Although it’s not actually a caveman-type cave, Baker’s Cave is still a pretty cool spot. It’s a layered granite rock outcropping not far from the shoreline. You can park the motorhome near the beach and hike the short distance to the cave. History buffs and kids alike take joy in the story of this old cave. Supposedly, a man with the last name Baker, hid in this cave to avoid military service during the American Revolution.

Rocky Neck State Park Trail

The Rocky Neck State Park Trail is a well-marked, easy to hike, 2.5-mile loop trail that’s about 80 percent wooded. It runs the length of the park from the beach to the ship graveyard. Along the trail, the wildflowers are a sight to see in early spring.
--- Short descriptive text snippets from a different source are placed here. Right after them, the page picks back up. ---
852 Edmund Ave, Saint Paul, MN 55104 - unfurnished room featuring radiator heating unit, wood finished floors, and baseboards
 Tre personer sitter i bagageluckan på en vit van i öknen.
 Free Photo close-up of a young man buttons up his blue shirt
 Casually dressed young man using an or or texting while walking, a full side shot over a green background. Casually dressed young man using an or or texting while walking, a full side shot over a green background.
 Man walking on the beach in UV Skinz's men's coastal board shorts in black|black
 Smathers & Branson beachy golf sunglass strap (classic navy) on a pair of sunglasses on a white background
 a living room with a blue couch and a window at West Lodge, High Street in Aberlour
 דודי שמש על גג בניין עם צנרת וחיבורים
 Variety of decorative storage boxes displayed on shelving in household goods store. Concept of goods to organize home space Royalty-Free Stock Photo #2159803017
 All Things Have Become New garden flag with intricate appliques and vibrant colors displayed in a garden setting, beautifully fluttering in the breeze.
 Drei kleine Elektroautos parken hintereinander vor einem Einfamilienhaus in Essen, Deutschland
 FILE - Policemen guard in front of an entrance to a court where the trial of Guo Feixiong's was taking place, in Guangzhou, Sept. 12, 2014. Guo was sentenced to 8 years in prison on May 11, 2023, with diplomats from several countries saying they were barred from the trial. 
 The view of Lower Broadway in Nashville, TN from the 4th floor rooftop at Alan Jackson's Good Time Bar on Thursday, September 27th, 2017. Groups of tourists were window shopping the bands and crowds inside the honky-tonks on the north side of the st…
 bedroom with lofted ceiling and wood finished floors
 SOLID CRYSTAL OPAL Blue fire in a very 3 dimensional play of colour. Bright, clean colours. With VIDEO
Even though the area is pretty flat, this trail offers excellent views of both the Atlantic Ocean and the Connecticut River, so don't forget the camera in the campervan. The views are a little better in late fall and winter when the trees have no leaves.

Beckwith Shipyard

Not much of this shipyard is left today, but back in the early 1800s, the Beckwith Shipyard was one of the most important mercantile points in the area. The Beckwith family produced vessels like fishing smacks, sloops, schooners, and other small craft. Many, if not most, families in the area either built ships or fished from the completed vessels. When the British blockaded Long Island Sound during the War of 1812, the Beckwiths, with the help of their neighbors, moved the ships further inland and covered them with tree saplings. The plan worked great until the ships began getting stuck in the mud. Remnants of the shipyard can be viewed from the Four Mile River Trail that snakes through the park.

Four Mile River Trail

This appropriately named four-mile trail is an excellent place to view the park’s diverse ecosystems up close. In early spring, the freshwater from the Four Mile River and saltwater from the Long Island Sound form an estuary. In the autumn, Four Mile River Trail is an excellent birding spot. There are lots of herons and cranes to be seen, as well as osprey and mute swans. Also, as mentioned, the bass fishing is very good in the saltwater marsh located just off the trail.